After the payment of a special 5-franc dividend to holders of Swiss-listed shares on May 16 and the start of an additional acceptance period for shareholders, the transaction is set to close on May 18. The he special dividend in July will be available for holders of U.S.-listed depositor receipts.
Syngenta share depository receipts will be delisted from the New York Stock Exchange and its shares will be delisted from the Swiss bourse.
While stressing that Syngenta would remain a Swiss-based global company while under Chinese ownership, its Chief Executive Erik Fyrwald played down the transition from publicly listed group to becoming part of a Chinese state enterprise.
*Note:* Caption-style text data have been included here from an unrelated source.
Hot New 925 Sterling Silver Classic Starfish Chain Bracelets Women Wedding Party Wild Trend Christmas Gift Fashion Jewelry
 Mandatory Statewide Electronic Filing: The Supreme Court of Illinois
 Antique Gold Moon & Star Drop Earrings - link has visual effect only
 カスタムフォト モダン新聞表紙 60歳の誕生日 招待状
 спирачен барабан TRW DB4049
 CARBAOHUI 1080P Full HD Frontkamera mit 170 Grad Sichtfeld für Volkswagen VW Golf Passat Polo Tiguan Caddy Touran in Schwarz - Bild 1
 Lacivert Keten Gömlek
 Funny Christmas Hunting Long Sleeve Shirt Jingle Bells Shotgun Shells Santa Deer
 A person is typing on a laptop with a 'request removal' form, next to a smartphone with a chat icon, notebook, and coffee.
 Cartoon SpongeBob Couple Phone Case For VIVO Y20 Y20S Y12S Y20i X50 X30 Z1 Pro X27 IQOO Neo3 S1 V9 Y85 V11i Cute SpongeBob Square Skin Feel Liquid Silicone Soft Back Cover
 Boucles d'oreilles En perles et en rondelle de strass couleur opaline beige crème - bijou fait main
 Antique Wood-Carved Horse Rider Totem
"It is very important to understand that this is a financial transaction," he told broadcaster CNBC in an interview.
Helping to overhaul Chinese agriculture, which he called very much behind the global standard and giving Syngenta a long-term shareholder to accompany it during the 12 years it typically takes to discover and launch new products are the two major changes that Erik Fyrwald sees following the deal.
With a squeeze-out of remaining shareholders to follow if needed in June, he expected the acceptance rate to easily surpass 90 percent, he said.
While refinancing the company after the transaction closed was still being discussed, funding for the acquisition was clear and irrevocable.
"I am very confident we are going to have a strong balance sheet as agreed," he said, with an investment-grade rating that would let it pursue market share growth, investments, capital spending and acquisitions.
Under such brand names as Acuron, Axial, Beacon and Callisto, Syngenta sells its products in more than 90 countries. It sells seeds such as cereals, corn, rice, soybeans and vegetables.